• Aim of the exercise: Restate word for word the part of the material that runs from the line containing "PINUS MONTICOLA AMMERLAND" through its final line, inclusive, minus the pictures.
= = = = = = =
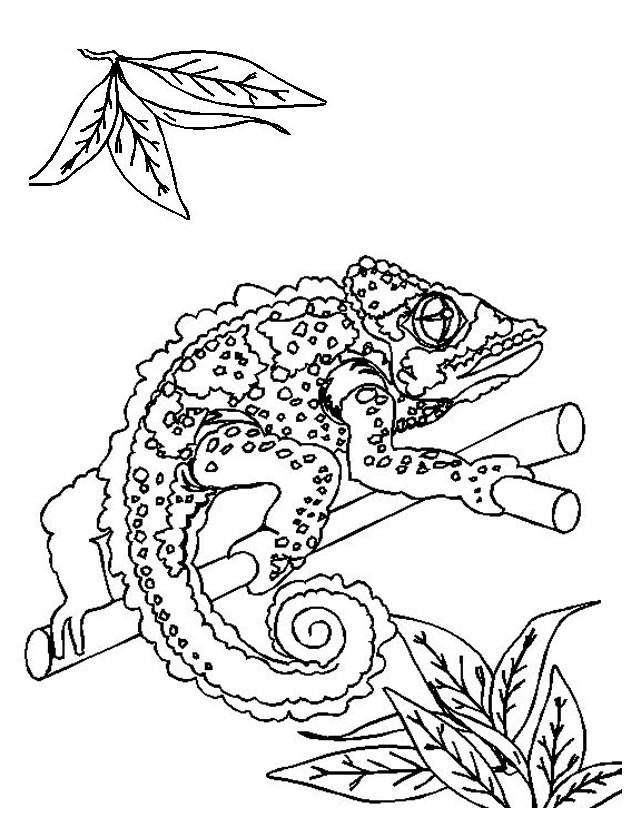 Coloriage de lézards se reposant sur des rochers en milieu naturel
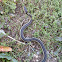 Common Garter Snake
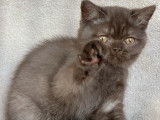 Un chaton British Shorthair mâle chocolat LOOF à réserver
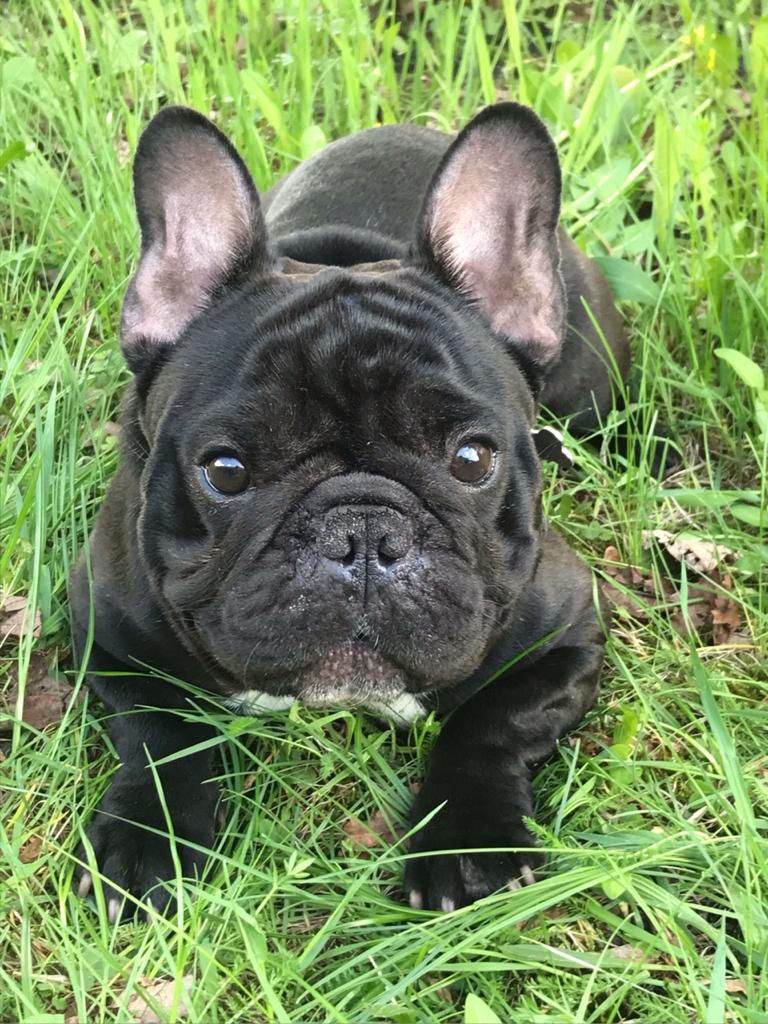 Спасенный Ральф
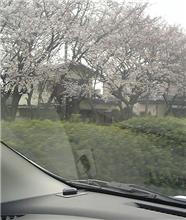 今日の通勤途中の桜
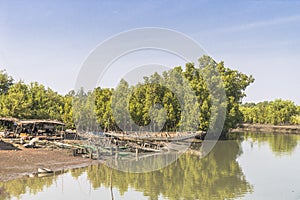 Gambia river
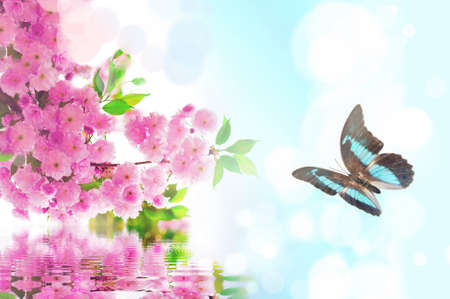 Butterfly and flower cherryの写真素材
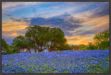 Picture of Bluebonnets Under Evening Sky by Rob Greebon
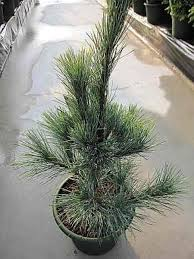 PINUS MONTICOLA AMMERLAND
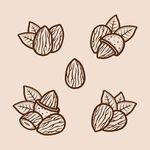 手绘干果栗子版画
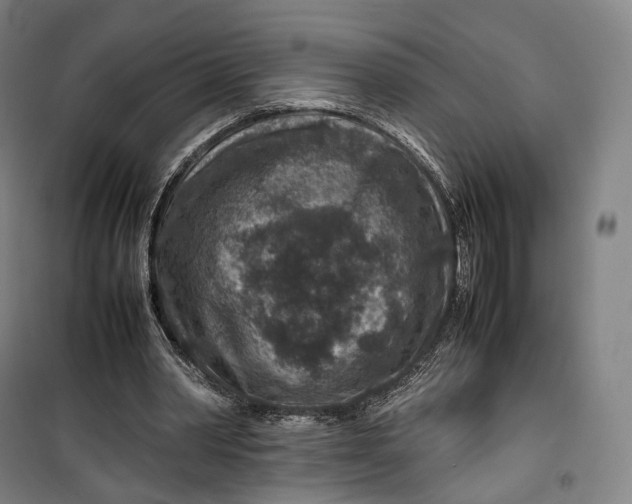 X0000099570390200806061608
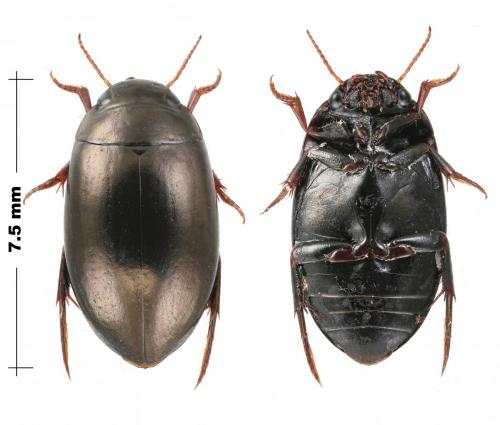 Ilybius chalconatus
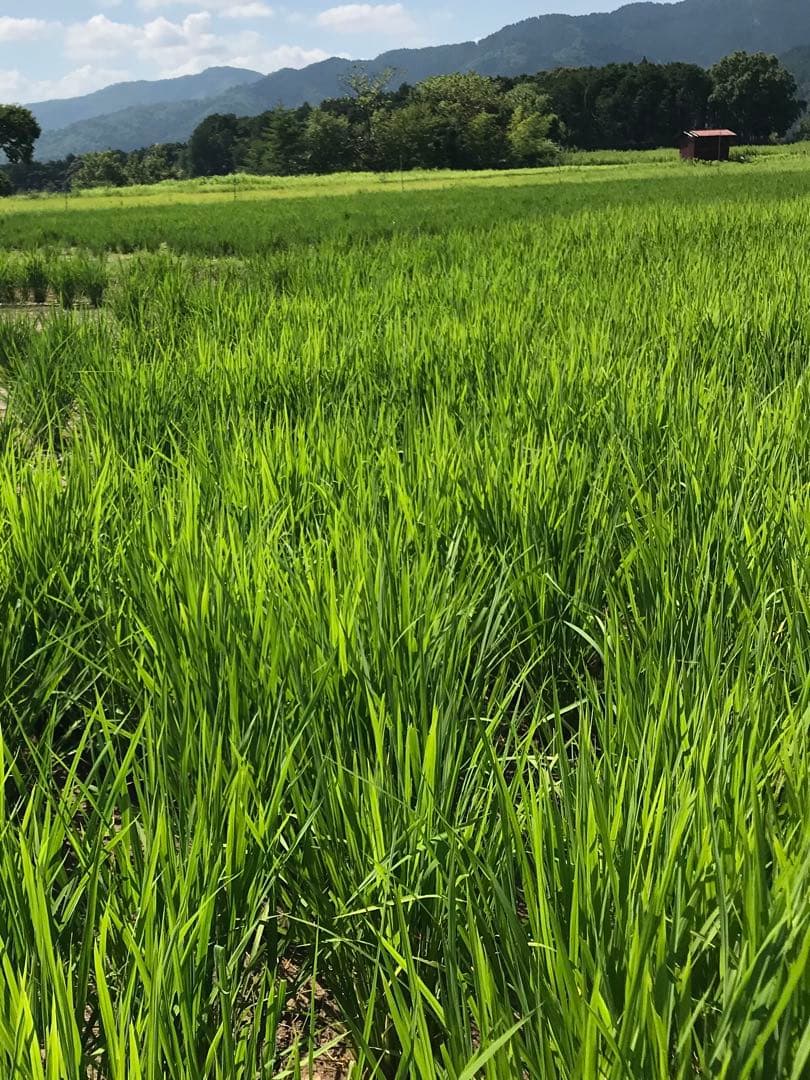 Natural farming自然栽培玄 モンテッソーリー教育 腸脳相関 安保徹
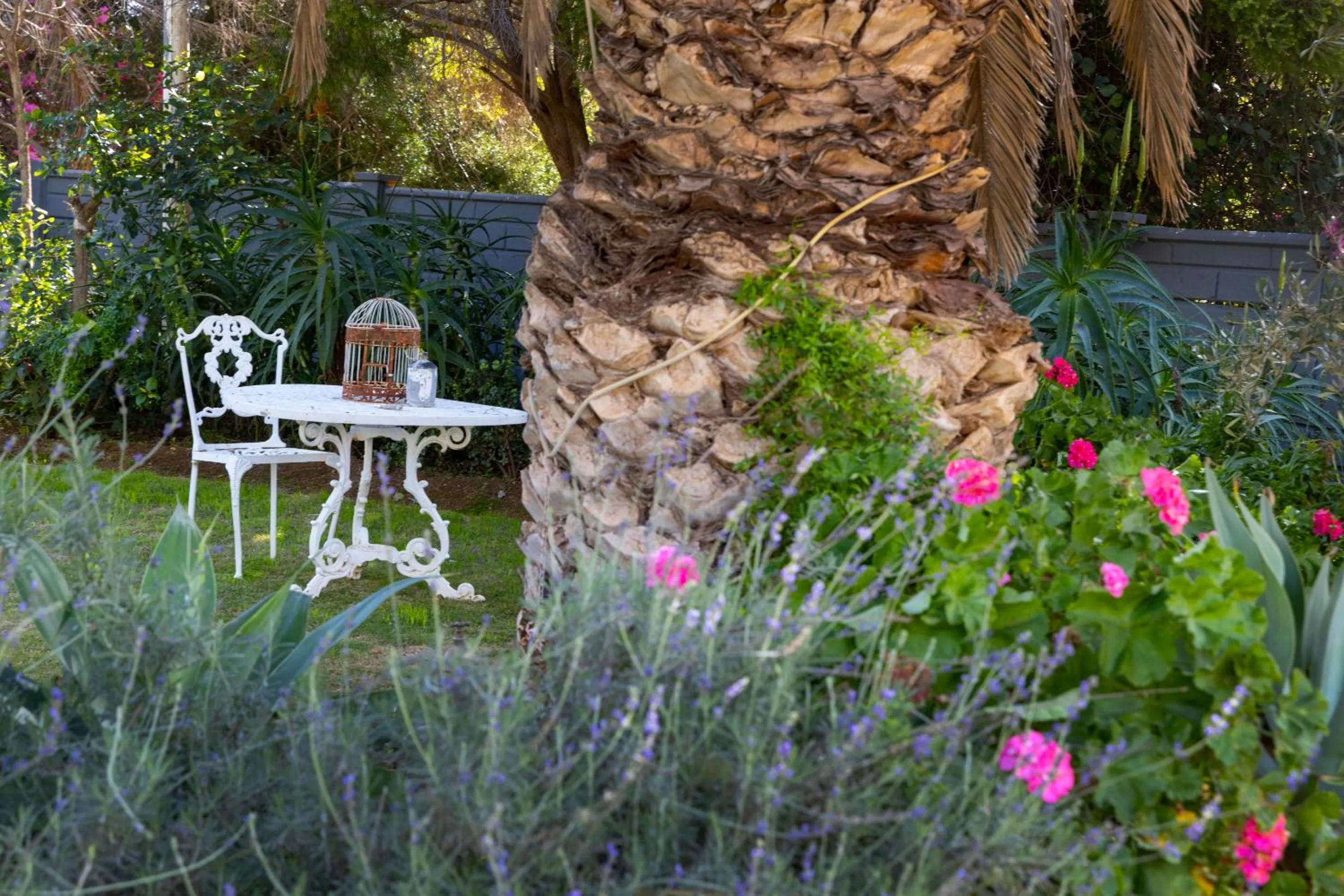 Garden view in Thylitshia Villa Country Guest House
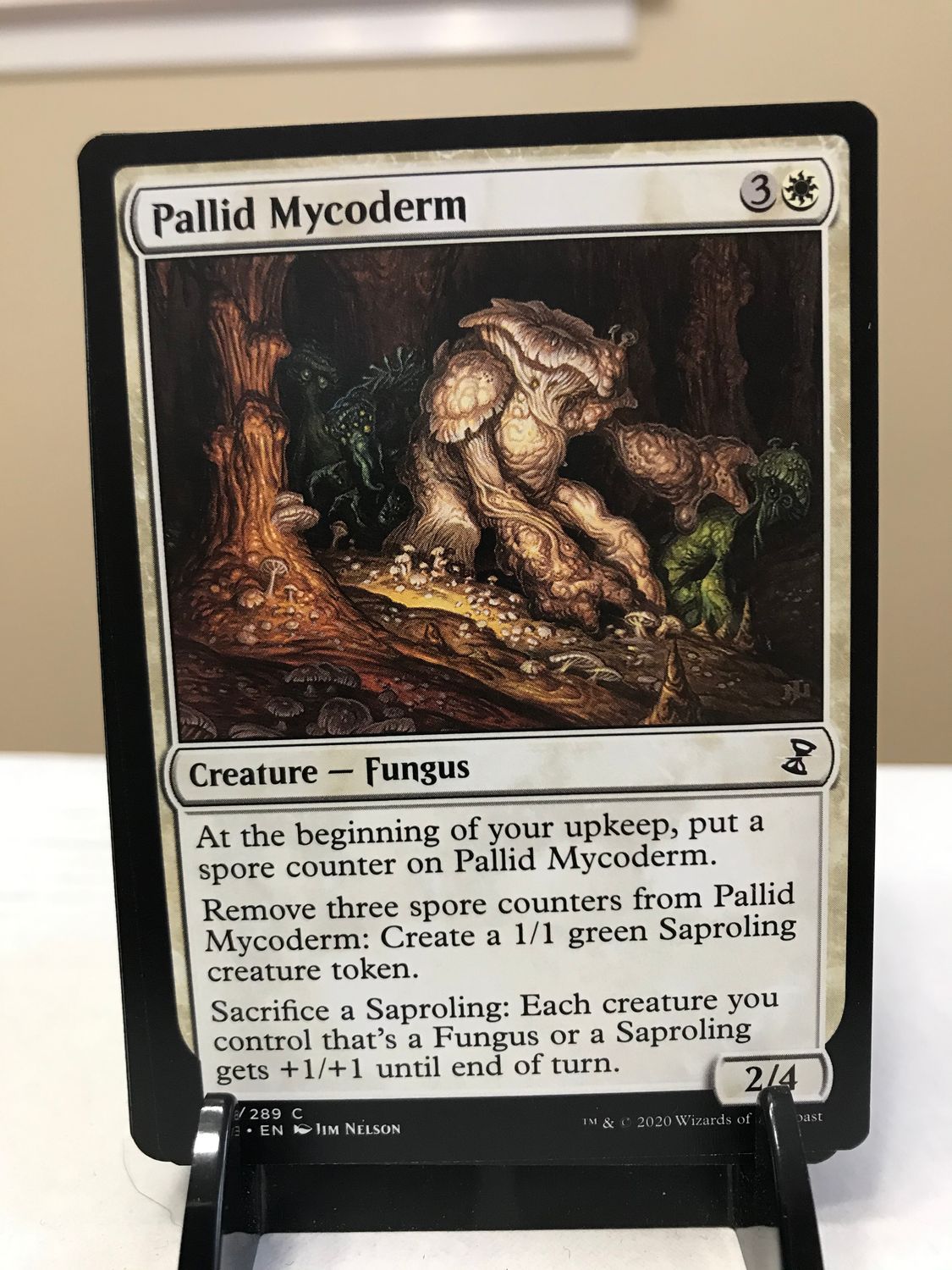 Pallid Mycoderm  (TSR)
= = = = = = =
• Result of this task:
 PINUS MONTICOLA AMMERLAND
 手绘干果栗子版画
 X0000099570390200806061608
 Ilybius chalconatus
 Natural farming自然栽培玄 モンテッソーリー教育 腸脳相関 安保徹
 Garden view in Thylitshia Villa Country Guest House
 Pallid Mycoderm  (TSR)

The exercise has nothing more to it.